An insurer that reportedly paid out $1 million to the owner of a small private jet that crashed on a Georgia airport runway in 2012 is suing the airport and a contractor that reconstructed the runway. The insurer claims the runway was improperly built.
To win its case, the insurer, Old Republic Insurance, will apparently have to disprove part or all of a National Transportation Safety Board investigation of the crash at Macon Downtown Airport. The investigation found no flaw in the runway and blamed the mishap on the pilot coming in for a landing too fast.
The effort may be worth making for the insurer. If the defendants believe they could be found liable for part of the damage to the aircraft, which is allowed under Georgia law, they may prefer to settle rather than risk losing a court decision and being ordered to pay for damage to the aircraft. That is the strategy behind many lawsuits where settlement is the goal.
States have different ways of dividing up liability and damage awards.
According research compiled by Matthiesen, Wickert & Lehrer, a law firm in Harford, Wisc., Georgia has a statute that provides for modified comparative fault, which allows liability to be divided and a 50% bar rule. The 50% bar rule means a damaged party cannot recover if it is 50% or more at fault, but if it is 49% or less at fault, it can recover in an amount reduced by its degree of fault, according to the Matthiesen law firm.
Old Republic has filed suit against Macon-Bibb County, owner of the airport, and Atlanta-based Robert and Company, the contractor that reconstructed the runway in 2008.
Reports of the lawsuit originally appeared in Bibb County, Ga., and Macon news media.

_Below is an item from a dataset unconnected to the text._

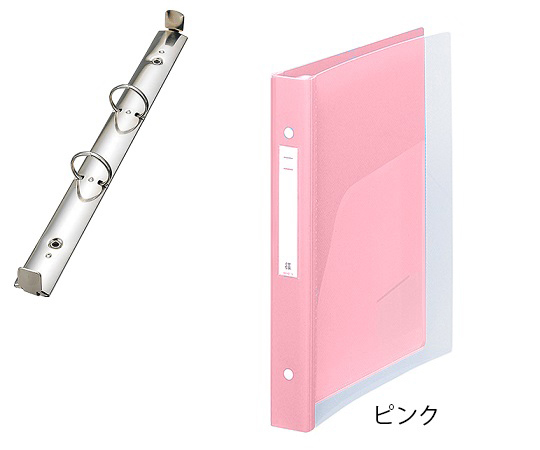 7-3143-02 メディカルサポートブック(クリヤー) 2穴タイプ ピンク 背幅41mm HB686-5LIHITLAB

According to The Telegraph, a local newspaper, the 1986 Beech 400 private jet hydroplaned off the runway during its landing, traveled down an embankment and across a road and crashed in some trees on September 18, 2012. The pilot was trapped in the plane and had to be cut out of it by firefighters. The co-pilot experienced minor injuries along with passenger John Dewberry, an Atlanta real estate developer.
Slope and Notification
Old Republic first sued the City of Macon in November 2013 in Bibb County, but that case was dismissed without prejudice in March 2014. The insurer initiated a new lawsuit June 5 alleging that Robert and Company narrowed and shortened the runway and did not build it with a steep enough slope to prevent water from pooling, according to The Telegraph. The insurance company also allegedly claims that the airport owner failed to notify pilots of these changes to the runway.
The NTSB issued a Probable Cause document at the end of the agency’s investigation in June 2014 in which it pegged the accident to “the pilot’s failure to maintain proper airspeed, which resulted in the airplane touching down too fast on the wet runway with inadequate runway remaining to stop and a subsequent runway overrun."
Contributing to the landing overrun, the report said, were the flight crew's "failure to correctly use the appropriate performance chart to calculate the distance required to stop on a contaminated runway and their general lack of proper crew resource management.”
The NTSB investigators make no mention in their report of the runway’s conformity to safety standards, aside from the proximity of obstacles to the runway.
However, articles in The Telegraph mention a study of the runway after the renovation which found that it sloped less than half of 1% from its center line to its edge in one area. Federal Aviation Administration guidelines call for a 1% to 2% slope.
Robert and Company Chief Executive Michael Kluttz writes in an emailed statement that his company "denies the baseless allegations being alleged by an insurance company seeking to recover monies it paid for the loss of an airplane that was caused solely due to the fault of the pilots as is detailed in the NTSB Factual Report for the incident. Robert and Company intends to vigorously defend itself and expects the claims will be dismissed.”
The $911,293 renovation was primarily funded by the Georgia Dept. of Transportation and the FAA. At the time, the airport was owned by the City of Macon, which also contributed funding. The airport has since been incorporated into Macon-Bibb County.
Documents related to the lawsuit referenced by The Telegraph and filed in Fulton County could not be acquired from the county’s court system or the plaintiff’s Office of General Counsel. An FAA representative could not verify that a study exists for the Macon Downtown Airport runway.